Web page caption snippets:
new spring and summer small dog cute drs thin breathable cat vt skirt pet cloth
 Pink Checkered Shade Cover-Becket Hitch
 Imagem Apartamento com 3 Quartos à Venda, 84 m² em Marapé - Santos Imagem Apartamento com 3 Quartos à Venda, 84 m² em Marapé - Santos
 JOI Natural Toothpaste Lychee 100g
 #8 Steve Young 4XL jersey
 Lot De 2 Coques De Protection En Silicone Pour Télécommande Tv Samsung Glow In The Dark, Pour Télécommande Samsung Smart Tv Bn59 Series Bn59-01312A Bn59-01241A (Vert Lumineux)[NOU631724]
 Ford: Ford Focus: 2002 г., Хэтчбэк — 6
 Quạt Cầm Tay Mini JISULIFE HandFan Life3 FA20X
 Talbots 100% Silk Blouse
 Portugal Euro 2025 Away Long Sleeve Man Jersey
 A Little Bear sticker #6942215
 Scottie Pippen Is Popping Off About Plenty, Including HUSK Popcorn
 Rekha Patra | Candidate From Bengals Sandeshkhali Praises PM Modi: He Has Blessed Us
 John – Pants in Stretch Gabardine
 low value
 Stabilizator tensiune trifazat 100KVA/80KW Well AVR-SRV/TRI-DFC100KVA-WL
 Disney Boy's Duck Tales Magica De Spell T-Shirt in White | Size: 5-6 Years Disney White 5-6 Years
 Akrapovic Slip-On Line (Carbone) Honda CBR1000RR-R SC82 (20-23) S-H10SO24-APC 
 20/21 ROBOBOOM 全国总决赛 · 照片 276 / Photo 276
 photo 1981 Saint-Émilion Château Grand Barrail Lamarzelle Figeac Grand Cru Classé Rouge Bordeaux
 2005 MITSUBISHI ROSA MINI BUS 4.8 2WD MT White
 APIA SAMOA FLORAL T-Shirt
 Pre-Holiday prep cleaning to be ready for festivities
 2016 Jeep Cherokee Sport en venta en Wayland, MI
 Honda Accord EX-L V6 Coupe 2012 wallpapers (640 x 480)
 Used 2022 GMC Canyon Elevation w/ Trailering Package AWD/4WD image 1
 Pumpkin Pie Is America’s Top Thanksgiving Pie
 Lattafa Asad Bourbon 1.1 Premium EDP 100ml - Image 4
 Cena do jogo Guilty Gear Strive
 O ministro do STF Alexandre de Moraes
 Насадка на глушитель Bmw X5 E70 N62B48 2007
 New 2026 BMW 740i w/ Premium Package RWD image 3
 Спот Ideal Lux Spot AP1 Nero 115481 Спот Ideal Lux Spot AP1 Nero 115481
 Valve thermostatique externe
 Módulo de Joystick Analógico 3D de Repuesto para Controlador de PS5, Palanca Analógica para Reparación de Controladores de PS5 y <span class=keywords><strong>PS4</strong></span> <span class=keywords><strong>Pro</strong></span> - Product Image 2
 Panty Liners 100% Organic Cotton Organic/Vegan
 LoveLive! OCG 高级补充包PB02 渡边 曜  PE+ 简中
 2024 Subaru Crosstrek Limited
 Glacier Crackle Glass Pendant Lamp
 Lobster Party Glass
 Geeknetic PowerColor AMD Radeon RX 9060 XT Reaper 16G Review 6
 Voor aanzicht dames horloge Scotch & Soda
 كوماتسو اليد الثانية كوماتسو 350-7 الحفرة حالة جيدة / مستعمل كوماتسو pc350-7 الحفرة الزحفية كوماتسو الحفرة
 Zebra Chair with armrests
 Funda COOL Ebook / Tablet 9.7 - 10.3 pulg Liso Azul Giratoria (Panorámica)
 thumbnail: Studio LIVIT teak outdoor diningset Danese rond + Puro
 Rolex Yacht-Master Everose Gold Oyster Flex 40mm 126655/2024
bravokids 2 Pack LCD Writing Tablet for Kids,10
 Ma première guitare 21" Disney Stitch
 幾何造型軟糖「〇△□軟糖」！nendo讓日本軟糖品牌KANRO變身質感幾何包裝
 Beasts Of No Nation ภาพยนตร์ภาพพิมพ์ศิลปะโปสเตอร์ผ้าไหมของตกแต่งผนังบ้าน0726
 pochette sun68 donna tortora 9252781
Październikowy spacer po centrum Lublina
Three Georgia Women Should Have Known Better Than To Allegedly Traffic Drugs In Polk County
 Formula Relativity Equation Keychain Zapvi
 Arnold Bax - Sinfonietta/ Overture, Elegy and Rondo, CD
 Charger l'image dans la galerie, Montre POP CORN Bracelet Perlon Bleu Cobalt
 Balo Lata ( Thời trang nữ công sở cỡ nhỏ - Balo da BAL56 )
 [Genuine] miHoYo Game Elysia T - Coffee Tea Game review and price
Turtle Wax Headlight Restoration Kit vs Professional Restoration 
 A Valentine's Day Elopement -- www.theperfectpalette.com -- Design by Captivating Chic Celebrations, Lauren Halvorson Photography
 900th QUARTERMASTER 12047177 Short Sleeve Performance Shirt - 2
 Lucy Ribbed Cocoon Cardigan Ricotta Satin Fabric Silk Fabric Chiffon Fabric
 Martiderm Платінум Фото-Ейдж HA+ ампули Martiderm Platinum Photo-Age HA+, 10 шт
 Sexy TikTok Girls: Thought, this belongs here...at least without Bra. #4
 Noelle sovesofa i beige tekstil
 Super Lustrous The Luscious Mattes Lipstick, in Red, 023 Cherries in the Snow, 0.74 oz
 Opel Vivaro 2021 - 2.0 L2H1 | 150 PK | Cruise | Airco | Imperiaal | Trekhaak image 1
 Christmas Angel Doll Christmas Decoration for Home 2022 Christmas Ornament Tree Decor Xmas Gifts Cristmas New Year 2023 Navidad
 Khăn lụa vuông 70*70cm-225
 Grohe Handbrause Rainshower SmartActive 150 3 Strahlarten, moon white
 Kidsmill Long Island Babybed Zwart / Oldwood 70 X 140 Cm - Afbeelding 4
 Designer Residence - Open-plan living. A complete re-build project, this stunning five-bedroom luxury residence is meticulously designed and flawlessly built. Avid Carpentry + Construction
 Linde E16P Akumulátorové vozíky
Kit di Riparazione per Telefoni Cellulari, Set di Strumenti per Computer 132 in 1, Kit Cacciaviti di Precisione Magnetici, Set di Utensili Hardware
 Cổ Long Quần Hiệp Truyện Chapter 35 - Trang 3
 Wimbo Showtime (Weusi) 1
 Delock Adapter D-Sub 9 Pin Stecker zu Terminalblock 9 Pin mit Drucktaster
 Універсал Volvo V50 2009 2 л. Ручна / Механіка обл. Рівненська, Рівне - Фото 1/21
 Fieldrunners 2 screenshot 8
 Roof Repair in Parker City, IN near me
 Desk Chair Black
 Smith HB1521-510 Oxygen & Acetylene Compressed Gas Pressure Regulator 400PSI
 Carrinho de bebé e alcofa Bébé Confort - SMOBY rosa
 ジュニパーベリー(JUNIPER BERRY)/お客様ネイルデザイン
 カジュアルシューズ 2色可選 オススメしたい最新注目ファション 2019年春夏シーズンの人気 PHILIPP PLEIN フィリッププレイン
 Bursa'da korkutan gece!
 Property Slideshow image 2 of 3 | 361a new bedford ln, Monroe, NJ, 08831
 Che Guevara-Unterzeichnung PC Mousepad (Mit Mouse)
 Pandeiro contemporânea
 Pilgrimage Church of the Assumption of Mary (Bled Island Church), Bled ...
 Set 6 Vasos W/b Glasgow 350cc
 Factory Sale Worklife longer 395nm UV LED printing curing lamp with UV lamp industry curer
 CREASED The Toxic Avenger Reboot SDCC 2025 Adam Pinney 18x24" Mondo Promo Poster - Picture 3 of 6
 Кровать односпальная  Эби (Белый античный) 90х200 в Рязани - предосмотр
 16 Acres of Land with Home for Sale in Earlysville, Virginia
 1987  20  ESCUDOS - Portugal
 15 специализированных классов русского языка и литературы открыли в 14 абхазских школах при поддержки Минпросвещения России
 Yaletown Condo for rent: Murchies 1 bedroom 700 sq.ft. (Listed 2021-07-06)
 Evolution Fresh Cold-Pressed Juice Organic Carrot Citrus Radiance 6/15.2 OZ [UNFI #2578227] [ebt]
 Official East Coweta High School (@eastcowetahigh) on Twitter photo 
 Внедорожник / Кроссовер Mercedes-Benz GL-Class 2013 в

**To do**
Only the lines above, from the first through the one holding "John – Pants in Stretch Gabardine", are to be output, and they must be copied exactly.

**Task result**
new spring and summer small dog cute drs thin breathable cat vt skirt pet cloth
 Pink Checkered Shade Cover-Becket Hitch
 Imagem Apartamento com 3 Quartos à Venda, 84 m² em Marapé - Santos Imagem Apartamento com 3 Quartos à Venda, 84 m² em Marapé - Santos
 JOI Natural Toothpaste Lychee 100g
 #8 Steve Young 4XL jersey
 Lot De 2 Coques De Protection En Silicone Pour Télécommande Tv Samsung Glow In The Dark, Pour Télécommande Samsung Smart Tv Bn59 Series Bn59-01312A Bn59-01241A (Vert Lumineux)[NOU631724]
 Ford: Ford Focus: 2002 г., Хэтчбэк — 6
 Quạt Cầm Tay Mini JISULIFE HandFan Life3 FA20X
 Talbots 100% Silk Blouse
 Portugal Euro 2025 Away Long Sleeve Man Jersey
 A Little Bear sticker #6942215
 Scottie Pippen Is Popping Off About Plenty, Including HUSK Popcorn
 Rekha Patra | Candidate From Bengals Sandeshkhali Praises PM Modi: He Has Blessed Us
 John – Pants in Stretch Gabardine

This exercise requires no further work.